── Source data
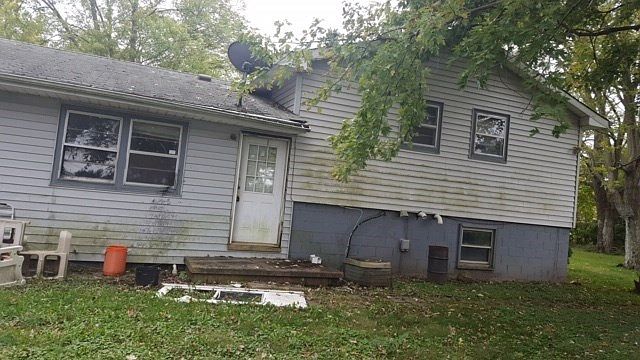 2nd image of 319 W 15th St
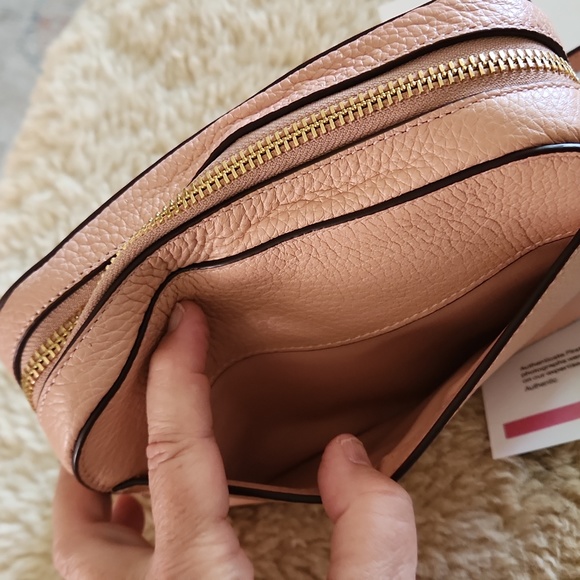 Gorgeous Coach Blush Pebbled Leather Mini Camera Crossbody Bag 🩷📷 - Picture 7 of 16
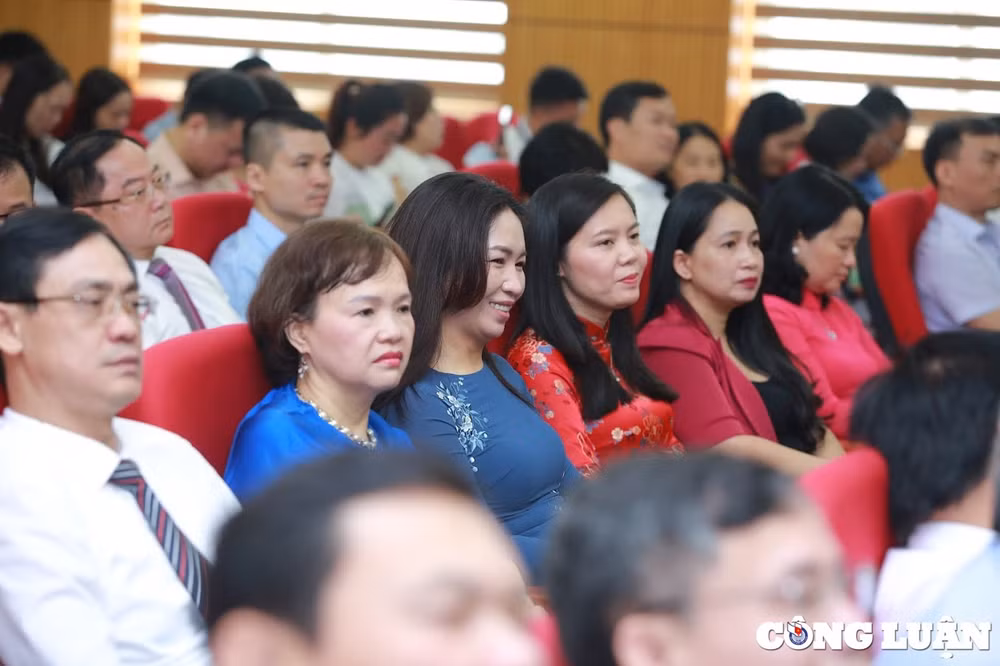 thao go kho khan tao dieu kien tot nhat co the de bao chi cong hien nhieu hon nua cho su nghiep cach mang hinh 11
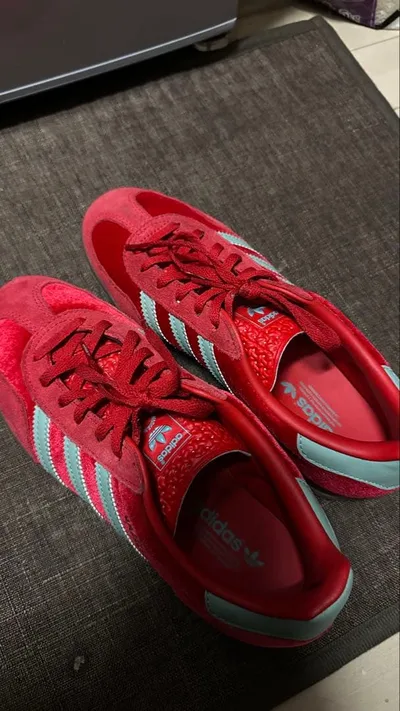 adidas Gazelle レッド/ミント スニーカー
────
Problem details » Everything in the data above should be set down again exactly, except the pictures.

Response area »
 2nd image of 319 W 15th St
 Gorgeous Coach Blush Pebbled Leather Mini Camera Crossbody Bag 🩷📷 - Picture 7 of 16
 thao go kho khan tao dieu kien tot nhat co the de bao chi cong hien nhieu hon nua cho su nghiep cach mang hinh 11
 adidas Gazelle レッド/ミント スニーカー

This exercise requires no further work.